[Collected material Boundary: Start]

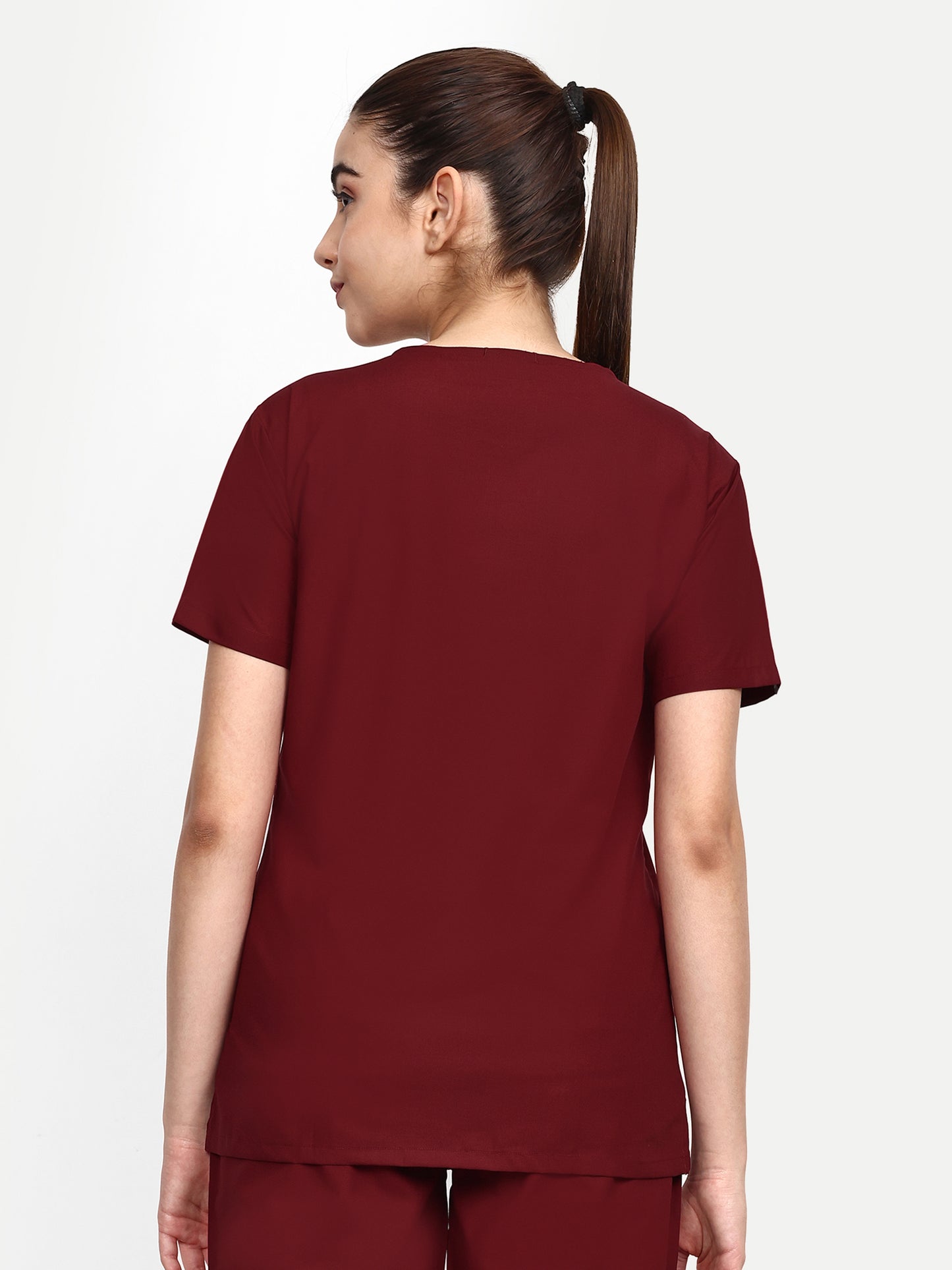 FEBRIS iScrubs Women's 2 - Pocket Scrub Top (Maroon)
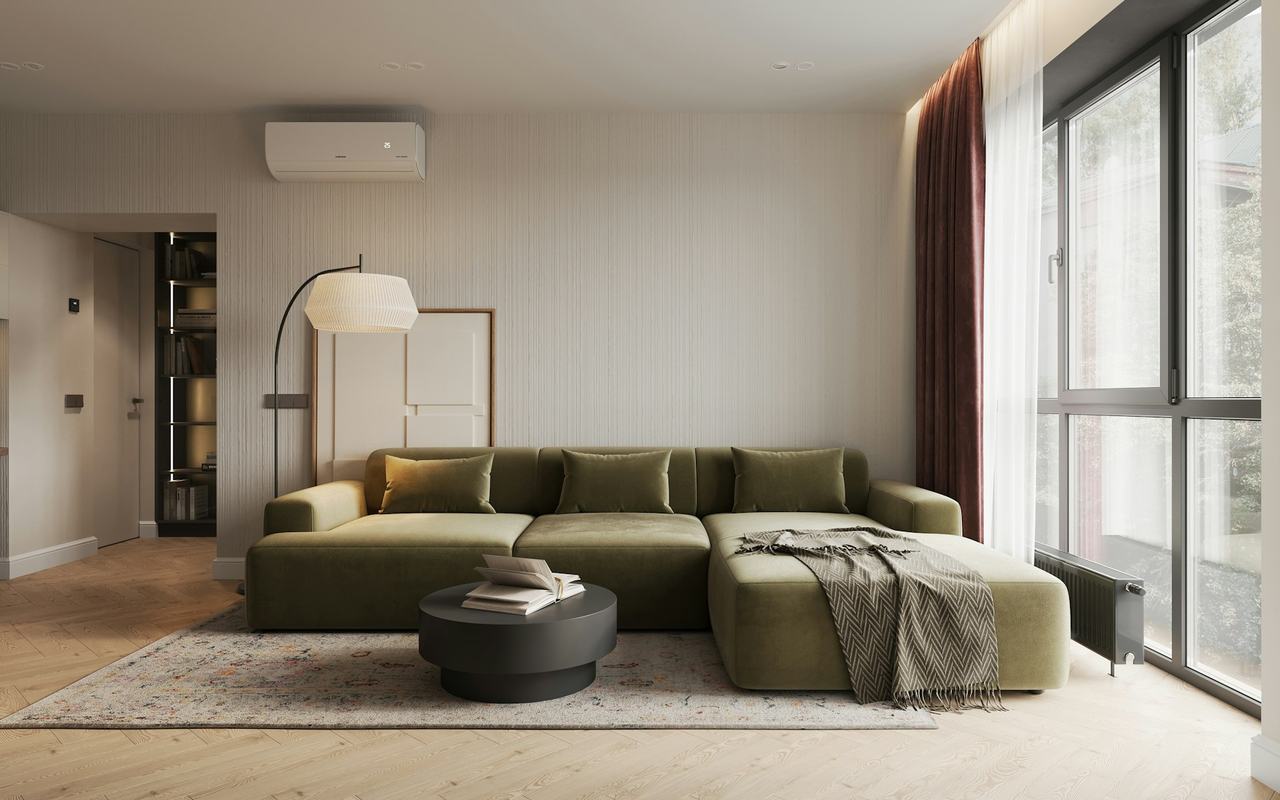 Modern 3D-rendered apartment living room interior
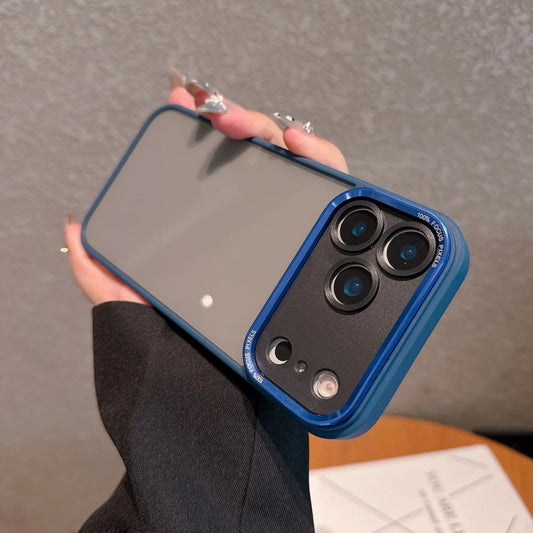 Luxury Hard Acrylic Transparent Case for iPhone 17 Air 13 14 15 16 17 Pro Max Plus 12 11 Lens Film Protection Shockproof Cover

[Collected material Boundary: End]

Exercise aim: All lines of the listing must be given again exactly, excluding the pictures.

Output of the exercise:
 FEBRIS iScrubs Women's 2 - Pocket Scrub Top (Maroon)
 Modern 3D-rendered apartment living room interior
 Luxury Hard Acrylic Transparent Case for iPhone 17 Air 13 14 15 16 17 Pro Max Plus 12 11 Lens Film Protection Shockproof Cover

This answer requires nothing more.